One Reason for the Success of Portugal’s Real Estate Market is the Growing Tech Industry
Portugal’s property market seems very much alive and it keeps growing. One of the biggest reasons that underpin this growth is the country’s emerging technology industry. Lisbon as the capital of Portugal is the main promoter city of the industry in the country. Lisbon’s technology start-up scene is helping country’s economy greatly, and as a result, Portugal’s property market is benefiting from the growth, too.
According to Made of Lisboa which is an entrepreneur community in Lisbon, the city now has more than 50 co-working spaces. Rundown buildings around the town keep getting transformed by new start-up projects and the number of technology related businesses keeps growing daily.
Portugal Golden Visa is another Important Contributor
Portugal government launched its residency by investment program in 2012, and ever since, it has been very successful. The program offers tax incentives and residency in exchange for a substantial amount of investment in diverse areas and options. One of the most popular options the program allows the investors to choose is the real estate investment option. According to Knight Frank’s report, the Portuguese government reported that as of March, they issued around 7,300 residence permits through Portugal’s Golden Visa Program since the program’s inception in 2012.
While some golden visa recipients have chosen to start businesses or transfer capital, the sweeping majority gained residency by purchasing real estate for €500,000 or more, according to Knight Frank, citing official immigration stats.
Real Estate Investment Surpassed Expectations in 2018
2018 was a year that broke records of Portugal’s real estate sector. Investment in income properties in Portugal reached to 3.5 billion euros which means an increase of 54% compared to 2017. This rate is beyond the most optimistic expectations. Also, this rate was not evident through the Continent. The fact that Portugal outperformed all the other European countries shows the country’s real estate market’s strong fundamentals.
Moreover, Portuguese banks implemented the first major real estate owned portfolios (REOs) in the market which equalled roughly to 1.3 billion euros. Additionally, there is the investment volume in assets for renovation and development land which represents around 1 billion euros. Thus, investment in non-residential real estate in Portugal in 2018 reached to a record value.
High Liquidity is Predicted to Carry on to 2019
It is foreseen that high liquidity on a global level will remain in 2019. Also, the investment volume will again be high even though it might decrease when compared to 2018. It is estimated that investment in income properties will hover around 2 and 2.5 billion euros. This value is approximately double the yearly average of the last 15 years which is 1.1 billion euros. If the predictions are accurate, this occurrence will be the fifth in the last five years which strongly represents the structural evolution of the real estate market.
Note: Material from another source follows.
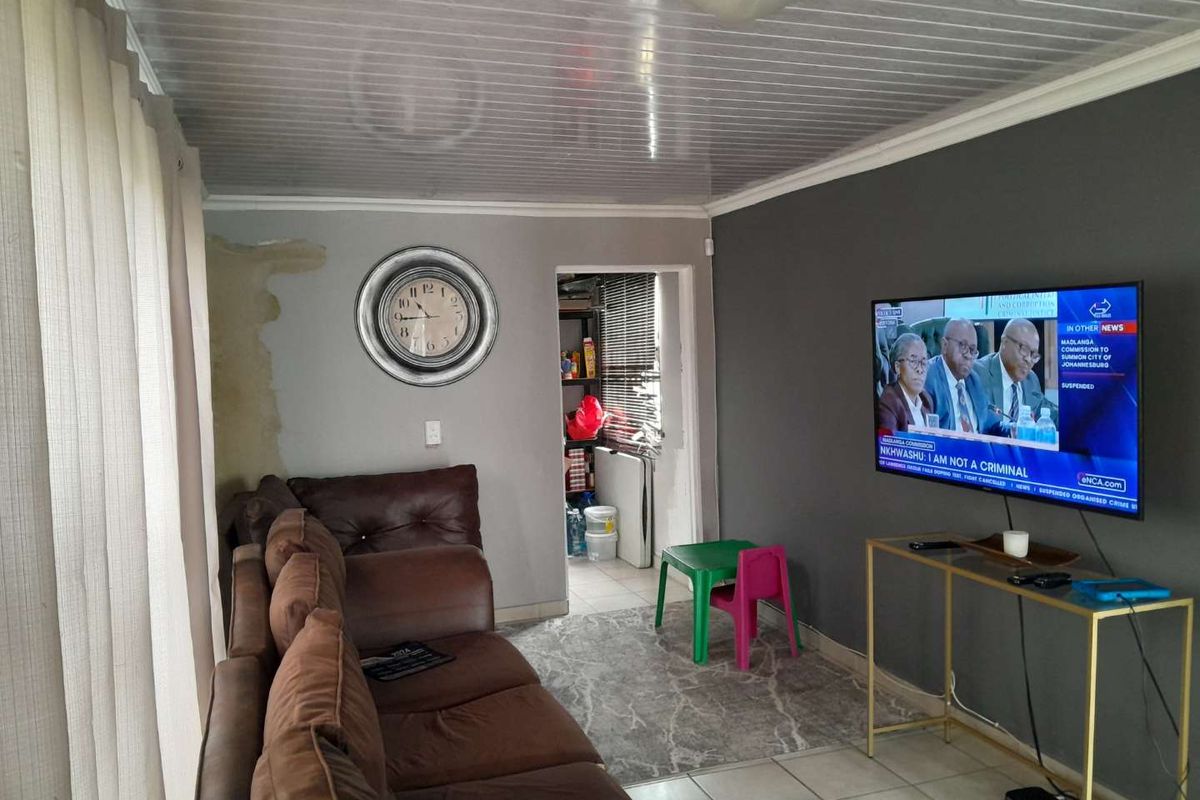 Neat 3 Bedroom Double story home - Photo 2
Risk Acceptance in the Real Estate Sector is High
Compared to 2018, almost every sector is predicted to record decrease in terms of investments except for hotels. The hotel market of Portugal puts on a great performance, but also the investors are much more willing to share the business risk when compared to the past.
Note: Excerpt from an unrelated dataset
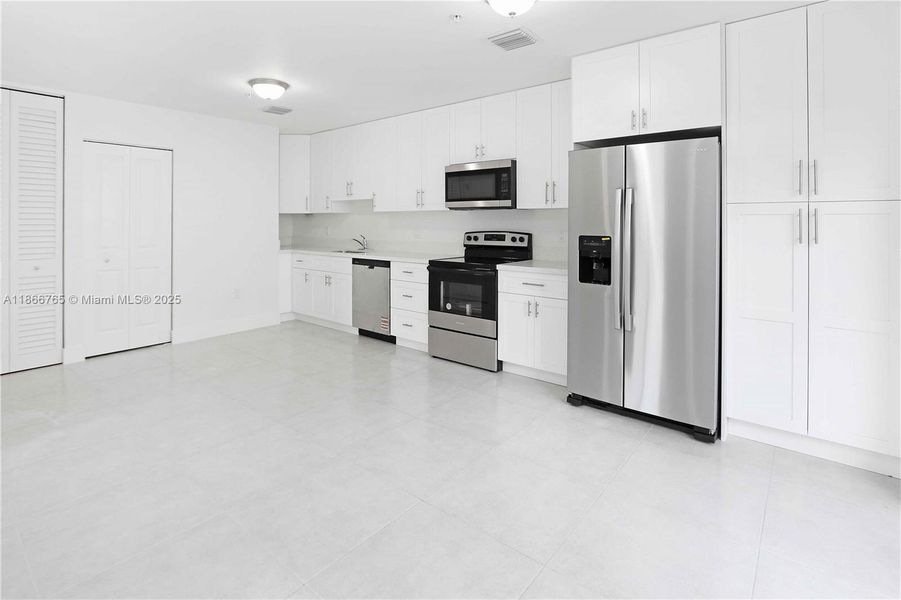 Image 39 of a home in .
Greater risk acceptance in the Portugal real estate market lured investors to alternative target sectors like student housing, senior residences, rental housing, as well as healthcare, education and leisure facilities. In Portugal, the student housing sector is currently generating the greatest interest and is expected to attract more investment in 2019, namely in new build developments.
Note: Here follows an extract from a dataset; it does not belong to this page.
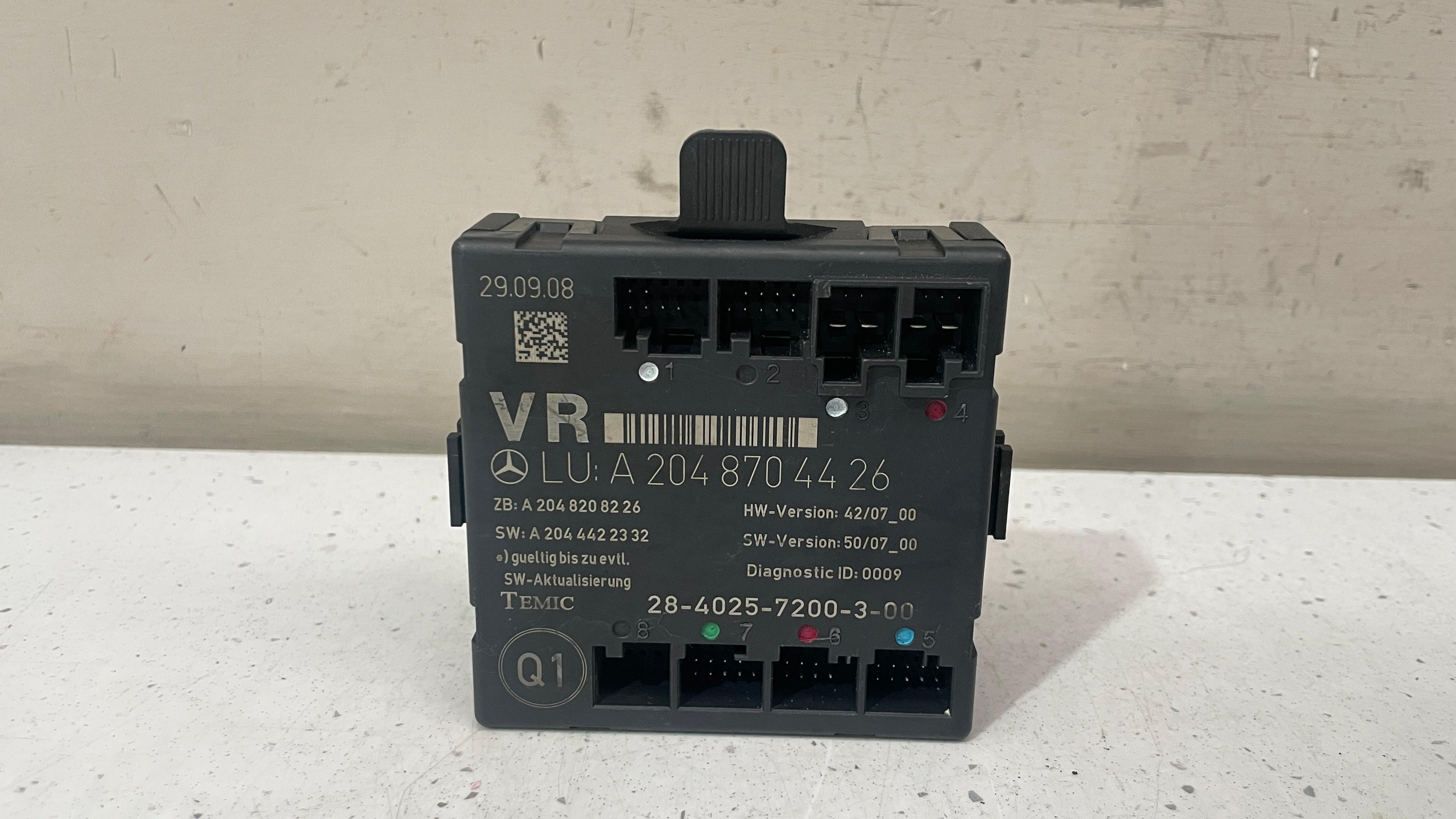 A2048704426 MERCEDES W204 FRONT DOOR CONTROL MODULE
Supply is also expected to increase in 2019 as a result of the investment transactions made in the last few years involving different parts and portions of lands. In 2018, a record value was attained in land sales including some transactions with significant potential construction area, namely in the Lisbon, Oeiras and Porto municipalities. Also across the country, sales of various plots included in NPL (non-performing loans) and REO portfolios was observed to hit all-time great marks. It is foreseen that in 2019, the volume of land transactions for residential development will be greater.